Hello I'm new here so here is my story. I found a baby pigeon at work several months ago brought him home and raised him until he could make it on his own,well sort of. I kept him at my work place a 30,000 square foot shop with lots of great space to fly around in. "Homer" was always going in and out of the shop as we have an open shed with several other pigeons in the yard but always came in for his food at the end of the day. I was able to get hime to land on my arm and feed him sunflower seeds several times a day as he would visit everyone in the shop.I had a little bath for him that he would lay in for about an hour every afternoon. This last saturday he got out which was no big deal but as I drove away and came to a stop at a red light I heard a scratching sound on the roof of my truck it was "Homer" I was right by a hotel with a flock of pigeons flying around and he joined them. This place is about 5 blocks away from our shop. 'Homer" hasn't made it back yet. Has anyone had a similar situation and their bird come back after a while or do I just say so long to my little buddy.

thanks,
mrbatty


----------



## Mistifire (May 27, 2004)

Hi mrbatty,

Theres a good chance he will come back, it may not be right away but I have heard several stories where they show up after a few days, some a week. He may decide to hang around with the flock for a while and return or may stay with them and find a mate. If your lucky he will bring his mate home too and then you could see Homer jr's.

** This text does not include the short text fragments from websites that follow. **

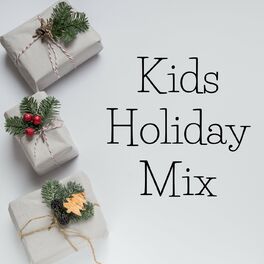 Album cover of Kids Holiday Mix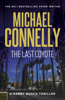 The Last Coyote - Michael Connelly
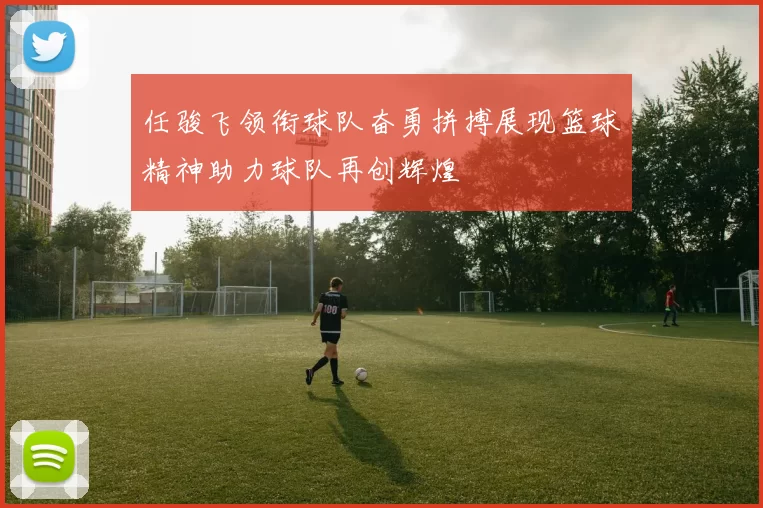 任骏飞领衔球队奋勇拼搏展现篮球精神助力球队再创辉煌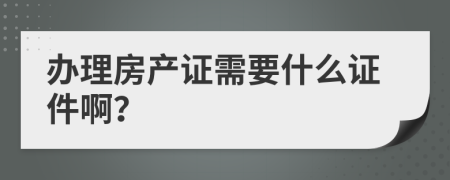 办理房产证需要什么证件啊？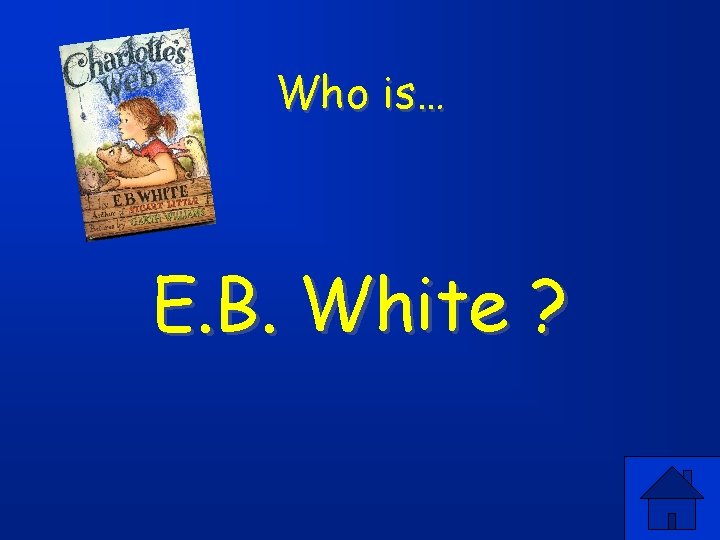 Who is… E. B. White ? 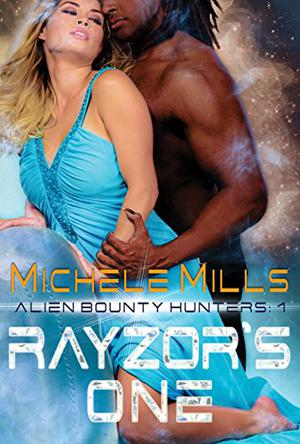 Rayzor's One (Alien Bounty Hunters #1)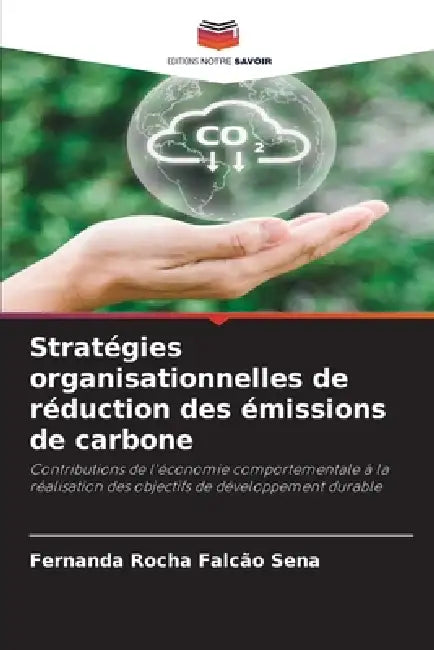 Stratégies organisationnelles de réduction des émissions de carbone by Fernanda Rocha Falcão Sena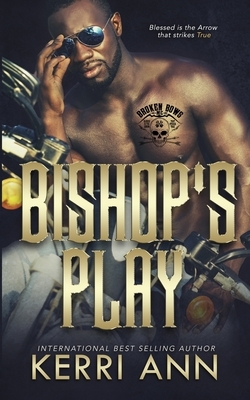 Bishop's Play by Kerri Ann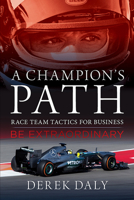 A Champion's Path 1937747824 Book Cover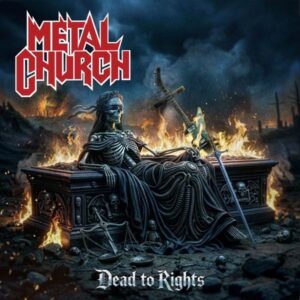 Metal Church – Dead To Rights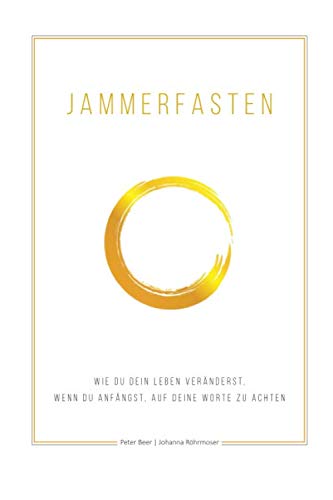 Jammerfasten: Wie du dein Leben veränderst, wenn du anfängst, auf deine Worte zu achten. Religion & Esotericism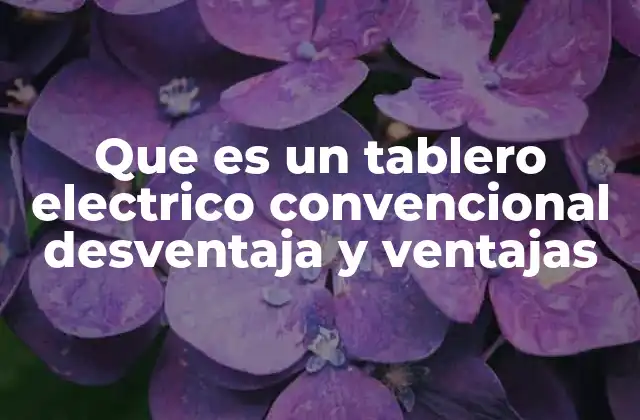 Que es un Tablero Electrico Convencional Desventaja y Ventajas
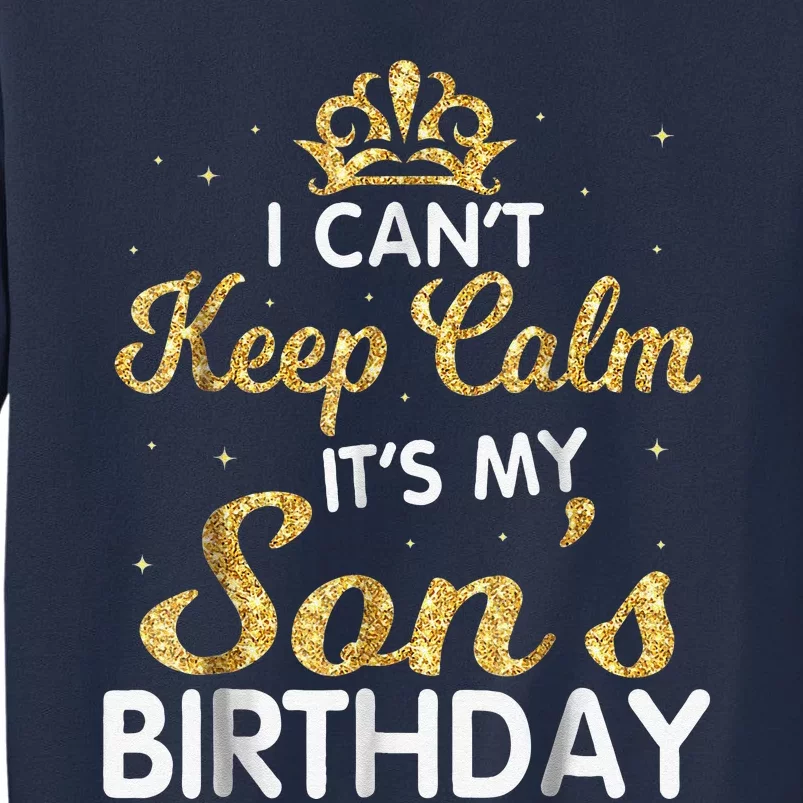 I Cant Keep Calm Its My Son Birthday Sweatshirt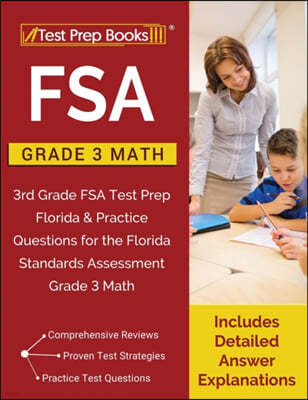 FSA Practice Grade 3 Math: FSA Practice Grade 3 Math: 3rd Grade FSA Test Prep Florida & Practice Questions for the Florida Standards Assessment G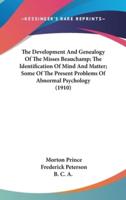 The Development And Genealogy Of The Misses Beauchamp; The Identification Of Mind And Matter; Some Of The Present Problems Of Abnormal Psychology (1910)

Hope he comes back to you soon ! keep us posted.


----------



## Reti (Jul 20, 2003)

My Andrew went missing for three weeks. Eventually he came back with his mate and never left after that. 
Chances are he will be back. He might be busy courting right now.

Reti


----------



## Skyeking (Jan 17, 2003)

Hello and welcome to pigeons.com


Pigeons are instinctively social creatures so it is normal for them to be together, he must have been absolutely overwhelmed with the flock and joined them.

There is a chance that he will return, especially if he is very familiar with the outside of his "home", and has been allowed to come and go as he pleases.


----------



## mrbatty (Nov 9, 2005)

*Homer*



Mistifire said:


> Hi mrbatty,
> 
> Theres a good chance he will come back, it may not be right away but I have heard several stories where they show up after a few days, some a week. He may decide to hang around with the flock for a while and return or may stay with them and find a mate. If your lucky he will bring his mate home too and then you could see Homer jr's.
> 
> Hope he comes back to you soon ! keep us posted.



THANKS FOR THE INFORMATION AND WHEN AND IF HE SHOWS UP WITH A GUEST OR NOT I WILL LET YOU KNOW.


----------